Musk says different things than Trump because he thinks differently than Trump. Rogan has views that are entirely his own. Trump’s cabinet is stacked with heterodox thinkers by design. He wants people with different ideas. It’s kind of like DEI except instead of 20 people with different complexions nodding along it’s 20 people with different opinions.
Trump was nice to Starmer and Macron because they were respectful and undertook diplomacy and found common ground. Trump made clear he wants peace now. He expected Zelensky to come in and sign the deal, which is a security guarantee because it puts Americans on the ground as a deterrent to Russia. Zelensky wanted to keep fighting, which was his choice but it was totally unexpected and created conflict.
The author gives the impression that the American taxpayer has a perpetual obligation to fund the defense of Europe. Then she threatens to withdraw the “special relationship” if those funds are reduced. So who’s really the Bully doing the gaslighting here?
Volodymyr Zelensky was ready to sign the minerals deal last Friday at the White House and would have done had he not been lectured and then unceremoniously and rudely told to leave.
Watch Ben Shapiro’s breakdown of the interview. It was the best one by far. Zelensky started it and Vance threw fuel on the fire. Trump tolerated a lot.
Zelensky is a war mongering, corrupt coke head.
Its OK to admit you were wrong Lesley.
That’s an interesting take on Zelensky. How does defending your nation against a land invasion from a neighbouring nation count as ‘war-mongering’? At what point do you have to surrender to avoid the charge?
Please rephrase. America does not do irony.
Z is correct to defend his country, but he is dead wrong to be making demands from his most important ally in that fight. And you can tell, because he has already come back with his tail between his legs begging forgiveness.
America owes Ukraine exactly zero. America has interests in keeping Ukraine independent, but they are not America’s most important interests, as Trump clearly schooled Z.

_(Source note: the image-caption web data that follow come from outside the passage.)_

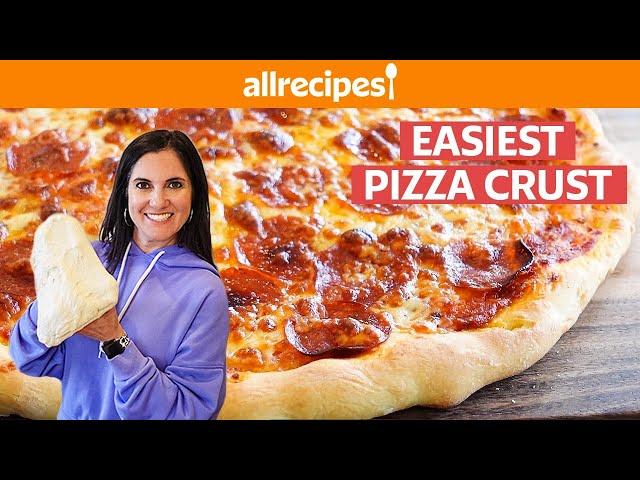 How to Make The Fastest & Easiest Pizza Crust | Quick & Easy Kid-Friendly Food | Allrecipes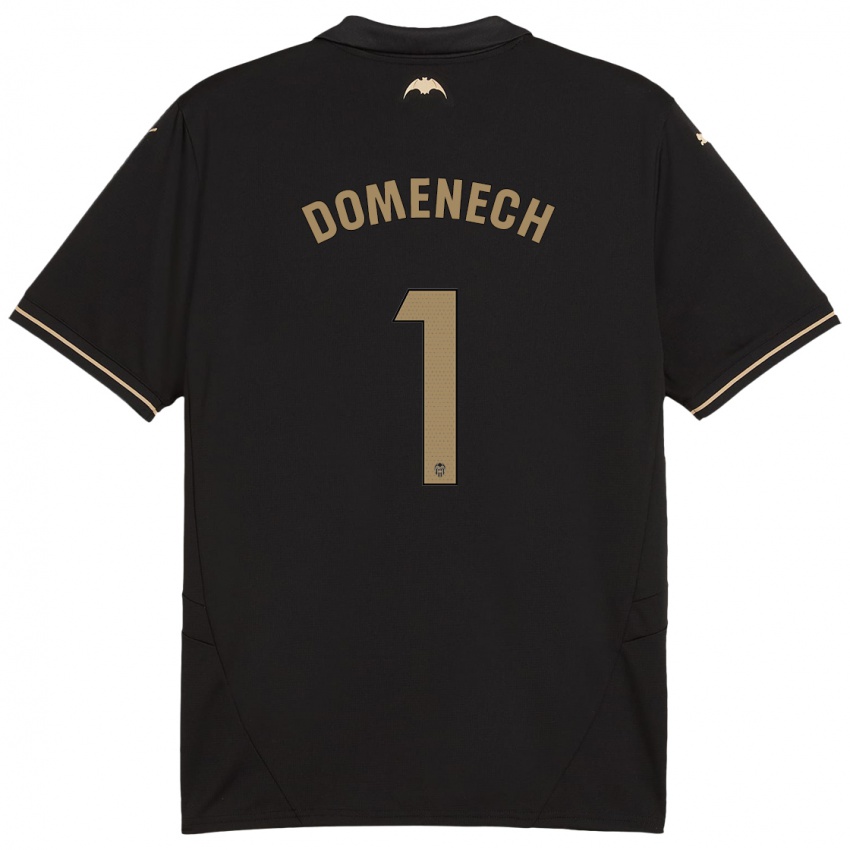 Criança Camisola Jaume Domenech #1 Preto Alternativa 2024/25 Camisa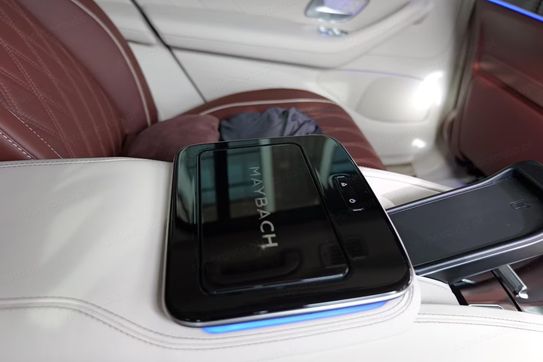 Mercedes GLS Maybach 600 4-Matic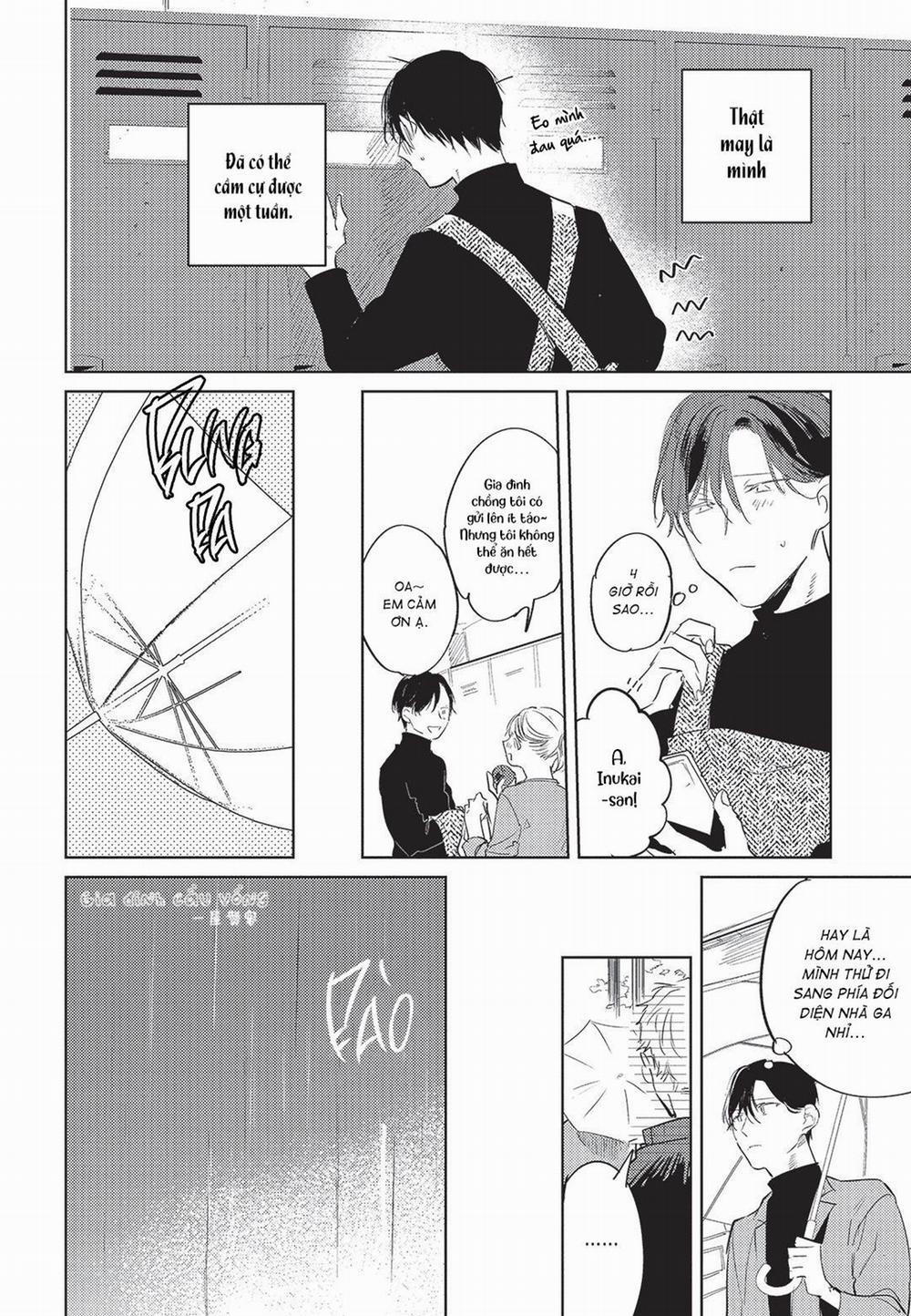 Con chó trung thành muốn cưỡi lên chủ nhân của mình 3 trang 19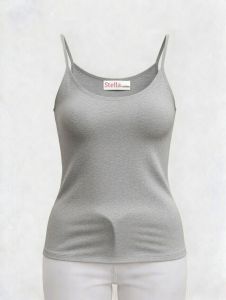 STELLA FASHION U-Back Spaghetti Strape Tank Tops  Korea  MODAL + Spandex  Women Plus size Camisoles  M -XL Tanks Tops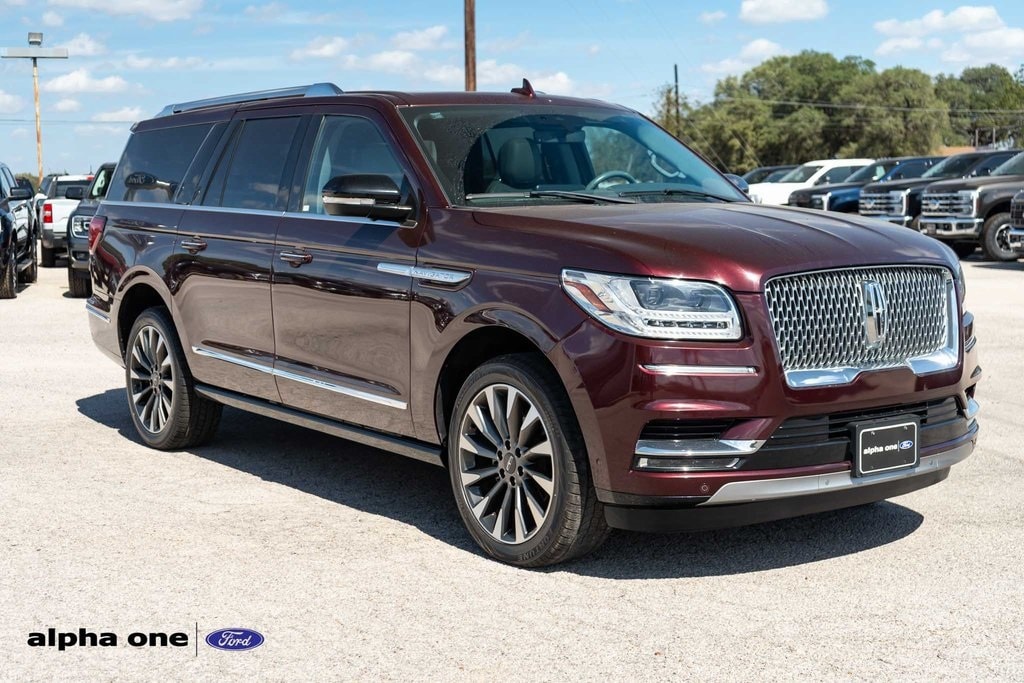 Used 2021 Lincoln Navigator L Reserve SUV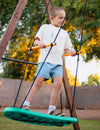 Green Skateboard Swing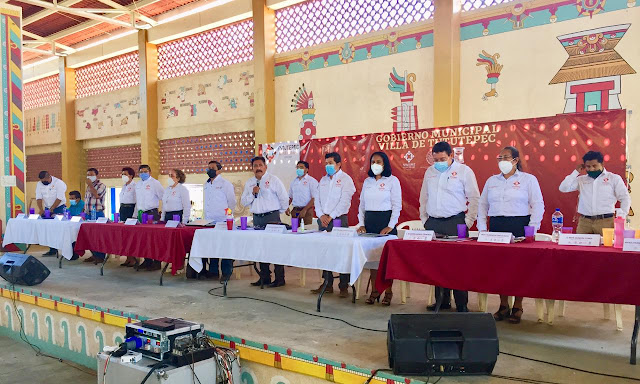 Instalan Consejo de Desarrollo Social Municipal en Villa de Tututepec Instalan Consejo de Desarrollo Social Municipal en Villa de Tututepec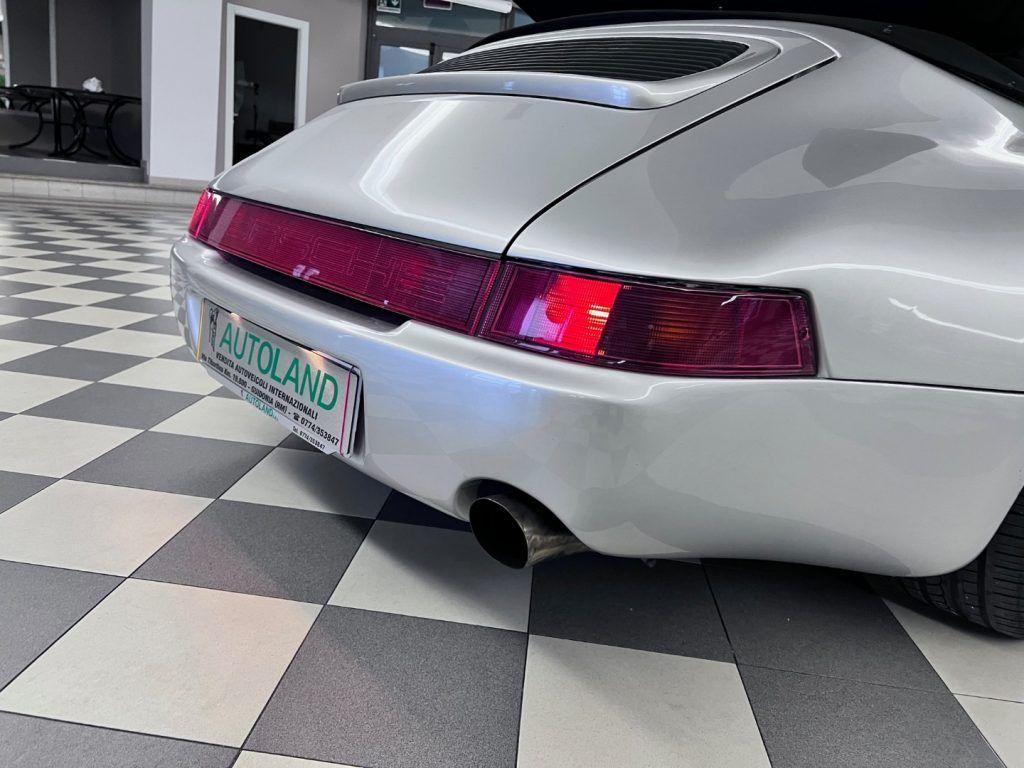 PORSCHE 964 911 3.6 STROSEK Carrera 2 Cabriolet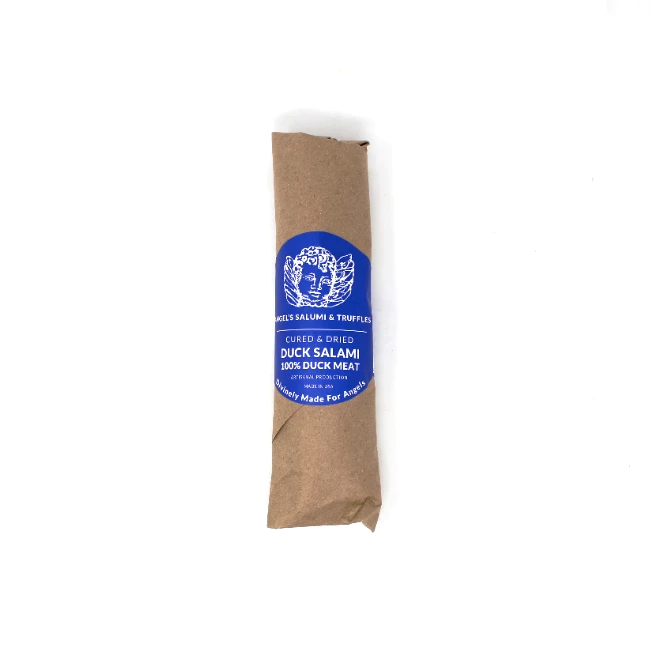 Angel's Duck Salami - Cured and Cultivated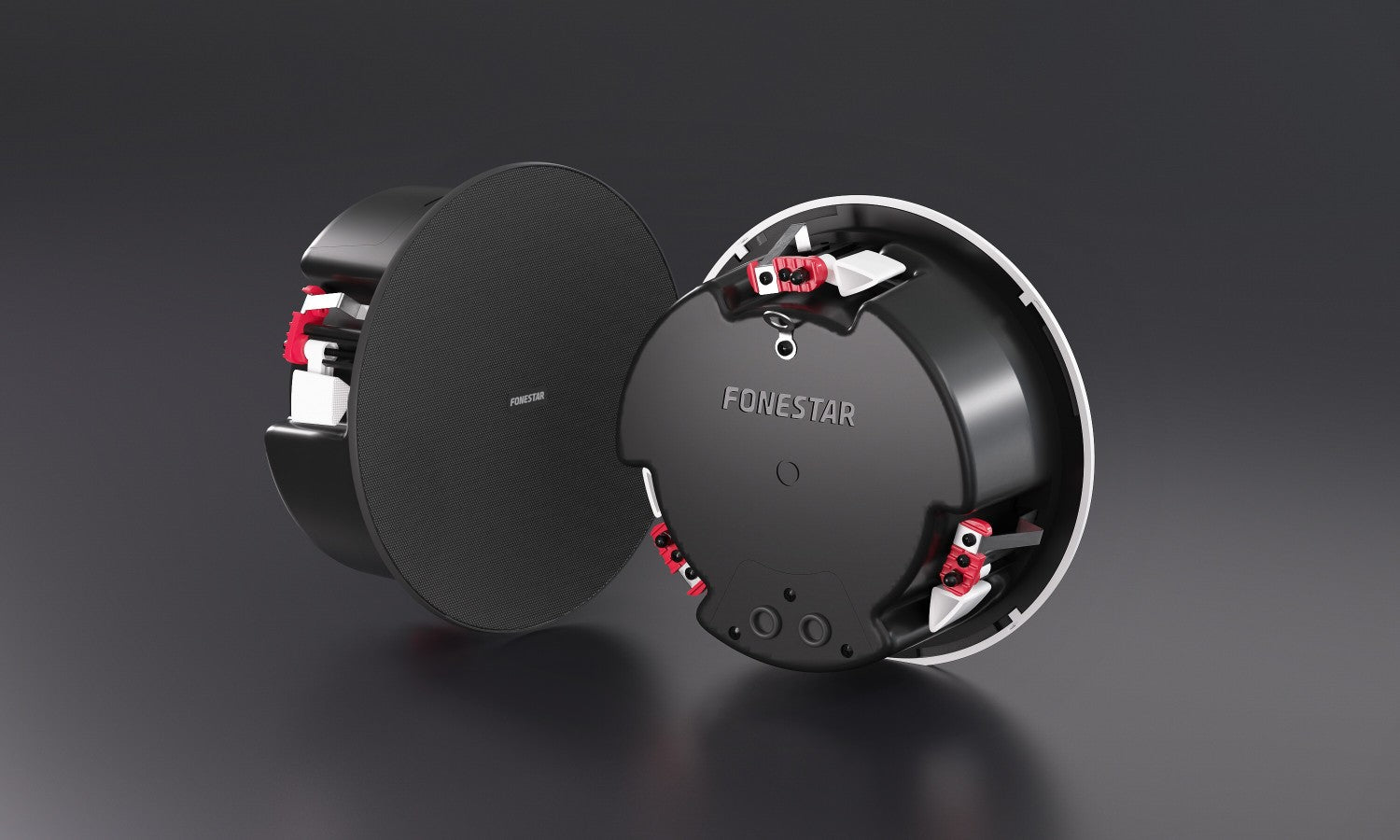 Fonestar SKY-6T-DOME Diffusore da soffitto 6" ip-65 trasformatore 100v 20/10/5/2,5 w rms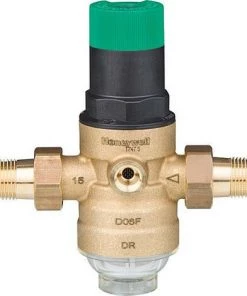 HONEYWELL Réducteur De Pression Braukmann D 06 F 11/4" A Avec Douille Pas De Vis Avec échelle De Réglage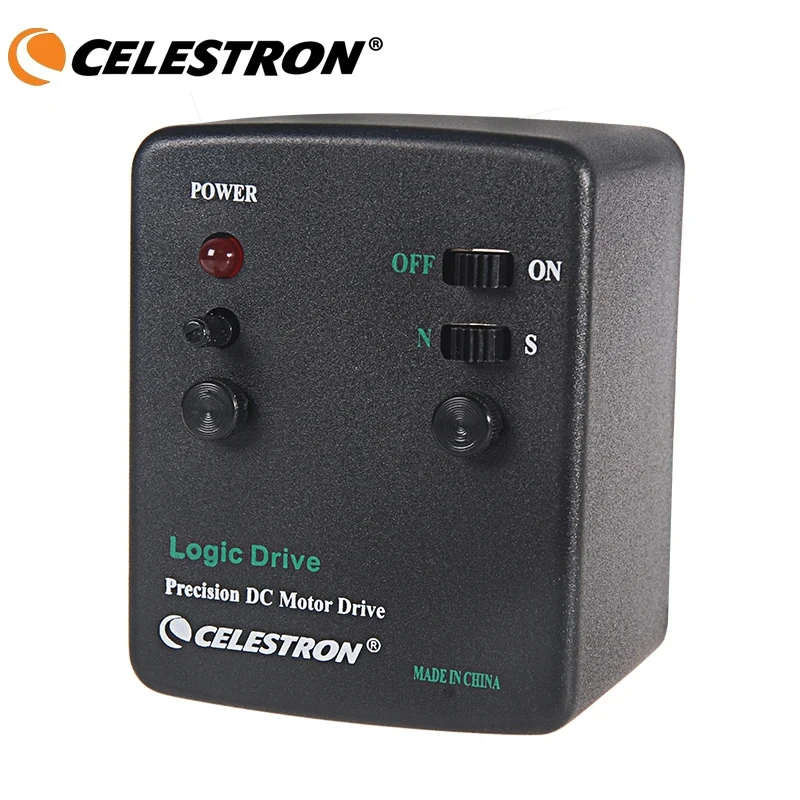 Celestron Enkele As Motor Drive voor de AstroMaster en PowerSeeker (Voor Celestron EQ1 CG2 CG3 Equatoriale Mounts)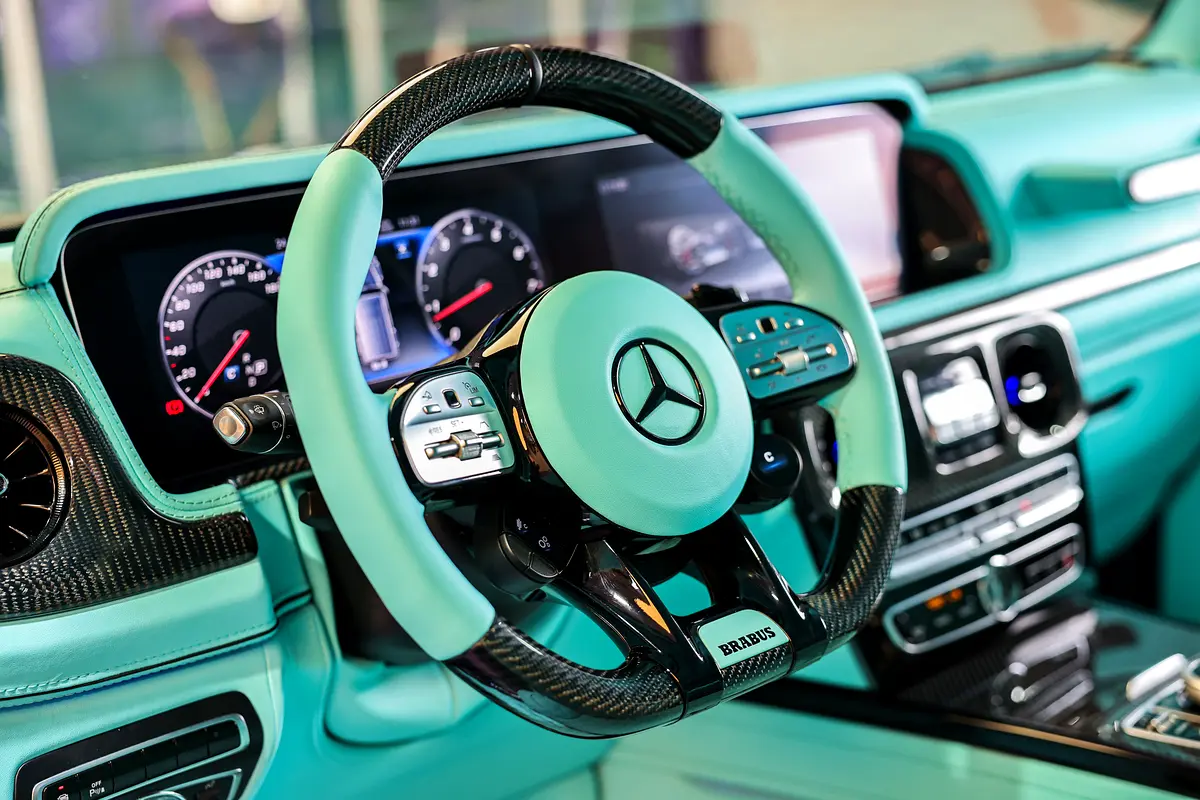 MERCEDES G-Class G 63 AMG 2022 - photo 10 - Import Émirats | International Cars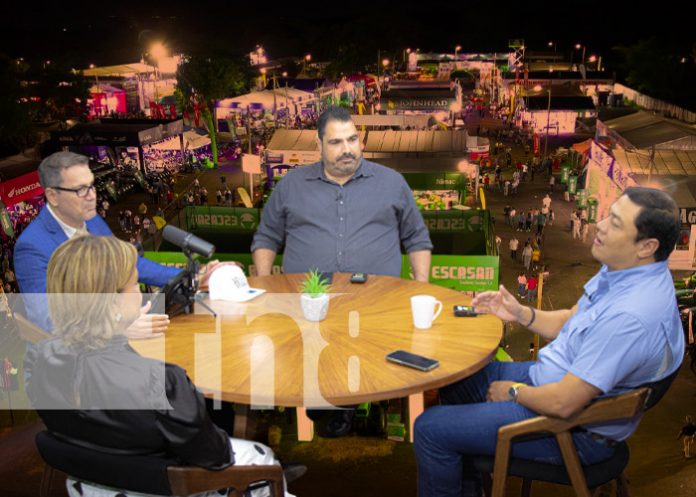 Foto: Estudio TN8 - Feria Ganadera Managua 2025 Foto: Estudio TN8 - Feria Ganadera Managua 2025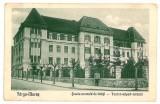 1045 - TARGU MURES, High School - old postcard - used - 1940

NATO did say they would defend Ukraine if they gave up their nukes. Still, how long was never addressed.
You are wrong. NATO didn’t promise that. Sad but true
Budapest memorandum I believe.
Though not nato, but then again the us and the uk so a vast majority of the nato strength.
Everybody seems to have forgotten that, only a short while ago, a not unpopular interpretation of the war in Ukraine was that it was USA-proxy war-against Russia.
This is a good point. It was ever that, it sure ain’t now…
Under Biden it clearly was. Welcome to the new paradigm.
You can file this under the heading “elections have consequences”.
TBH his profession was “comedian” so its odds-on he has used cocaine. Whether he got in the mess that most UK and US “comedians” do with the White Lady? I am doubtful, as he seems coherant in speech and consistent in mood, at least in public. Many MSN hysterical or psychotic outbursts resemble come down rants, or the firing of neurons no longer under natural chemical control. As Roy Hogsed wisely said “come on all you hopheads listen unto me – lay down your whisky and let that cocaine be // you’ll get yourself addicted and you’ll flip your lid – look what happened to the cocaine kid”
He met with the Democrats before meeting with Trump. You know that right?
Volodymyr Zelensky met with both Republicans and Democrats before meeting with Donald Trump.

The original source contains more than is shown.